Когда я приведен был в себя и встал на ноги, то первый предмет, мною усмотренный, был — охладевший труп графа Розина. Бартоломее и слуга его, стоя на коленах, проливали слезы. Я подошел к ним и также прослезился. Бартоломее, вставши, сказал: «Благодарите милосердное небо, которое, даровав вам эту победу, дает время на исправление и на заглажение этого убийства. Спешите удалиться в верное убежище; я один с этим верным слугою отдам последний долг сему несчастному. Видите ли вдали развевающиеся черные флаги? Это знак, что погребательные суда уже в пути на этот остров. Если кто-нибудь вас здесь настигнет, то опасность неизбежна!» — С растерзанным сердцем бросился я с Клодием в гондолу, и мы пустились далее в море, к кораблю Дамианову, куда прибыв, взошли на оный; после сего тотчас началось предназначенное плавание.
Путешествующие по морю имеют гораздо более возможности предаваться размышлению, нежели проезжающие по сухому пути. В первом случае мы не видим ничего, кроме необозримой поверхности водной и бесконечного шара небесного; ничто нас не развлекает; самый шум волн, рассекаемых носом корабля, увеличивает наклонность нашу к задумчивости. Сидя один в своей каюте, я обозрел всю цепь жизни моей и нашел, что то чувство, которое столько прославлено во всех веках и у всех народов, которое кажется одною из важнейших причин, приковывающих нас к жизни, что чувство любви было для меня источником истинного мучения. Страстно любил я милую Юлию и принужден был, гордостью и высокомерием ее, оставить; со всею нежностью привязан был к прелестной Диане, и она оставила меня по внушению пагубного суесвятства; со всем пламенем сердечным боготворил я несравненную Лорендзу и жестоким образом лишился ее.

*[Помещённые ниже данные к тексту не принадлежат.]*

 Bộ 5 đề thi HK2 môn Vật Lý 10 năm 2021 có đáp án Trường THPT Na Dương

О любовь, любовь! чувство сколь сладостное, животворное, столько горестное, смертоносное! Нет! никогда не поддамся уже этой гибельной страсти! хотя мне немного более тридцати лет, но должен быть доволен тремя опытами — продолжать еще испытания было бы безрассудно!

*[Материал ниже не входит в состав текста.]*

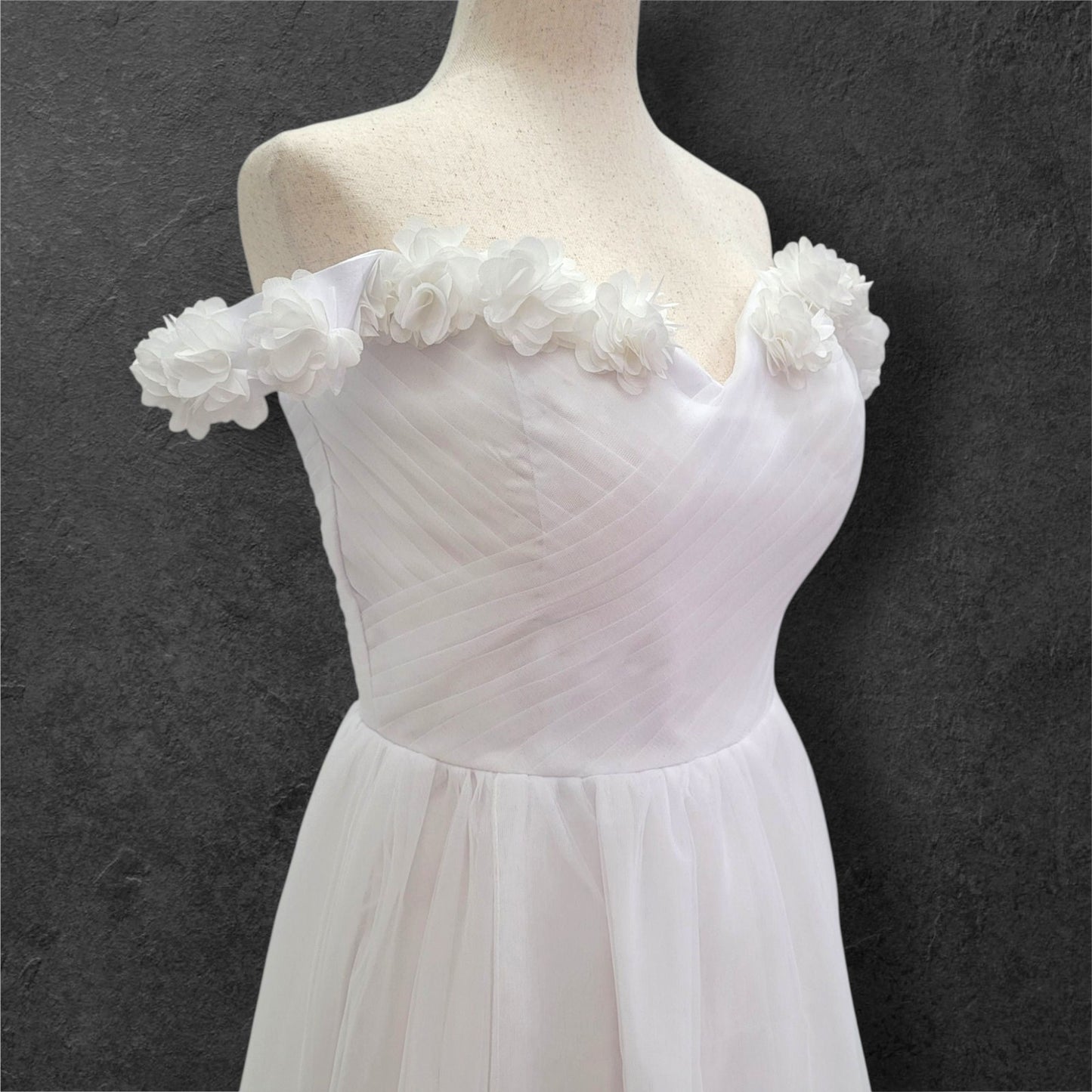 Tulle Wedding Dress with Floral Neckline and Sleeves with Corset back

Сердце человеческое никогда не должно быть пусто; иначе оно уподобится древней гробнице, вмещающей в себя одно отвратительное тление. Итак, чтобы всегда быть заняту, я познакомился с одним пожилым греком Орестом и начал учиться от него языкам греческому и турецкому, Как корабельщик Дамиан, так почти все, находившиеся на корабле его путешественники, были купцы, а потому они по торговым делам останавливались у многих островов греческих, и мы не прежде приплыли в пролив Дарданельский, как чрез четыре месяца по выходе из залива Венециянского, и я столько ж успел в помянутых языках, что мог довольно исправно вести простой разговор. По совету моего учителя Ореста я, будучи еще на корабле, переоделся в греческое платье; Клодий мне последовал. Это сделано не для того, чтобы в столице варваров не было европейцев, одетых в платья стран своих, но потому, что греков было более всех; следовательно, в этой одежде одетые менее обращали на себя внимания, а мне того и хотелось.
При выходе с корабля, я и Клодий сказались также греческими купцами, получили от досмотрщиков пропускные виды и, прибыв в город, остановились на греческом подворье.
Приятели мои, греки, узнав, что имею значительную сумму как в наличных деньгах, так и в дорогих вещах, искренно мне советовали сделаться настоящим купцом, какое звание у турок гораздо почтительнее, чем в других землях европейских. Я охотно было склонился на такое предложение и готовился на две трети моих денег накупить товару, как разнесшийся по всему Стамбулу правдивый слух, что богатый жид Мисаил по доносу, что когда-то и где-то делал непозволительное предложение какой-то турчанке, лишился головы и все имение его отписано на султана, сделал меня благоразумнее, и я поудержался объявить о своем имуществе. Располагаясь всю наступающую осень и будущую зиму провести в столице оттоманов, я поручил Клодию съездить в Запорожскую Сечь и проведать, что делают Бернард и Тереза с детьми моими. Клодий отправился в путь, а я на место его нанял пожилого грека Кириака и начал вести жизнь тихую и скромную, тщательно избегая знакомства с турками, а и того более с турчанками.
Для знаменитого француза, привыкшего к шумным обществам, где женщины представляют первых лиц и разливают вокруг себя игры и смехи, проживать в Стамбуле значит почти то же, что томиться в пространной темнице.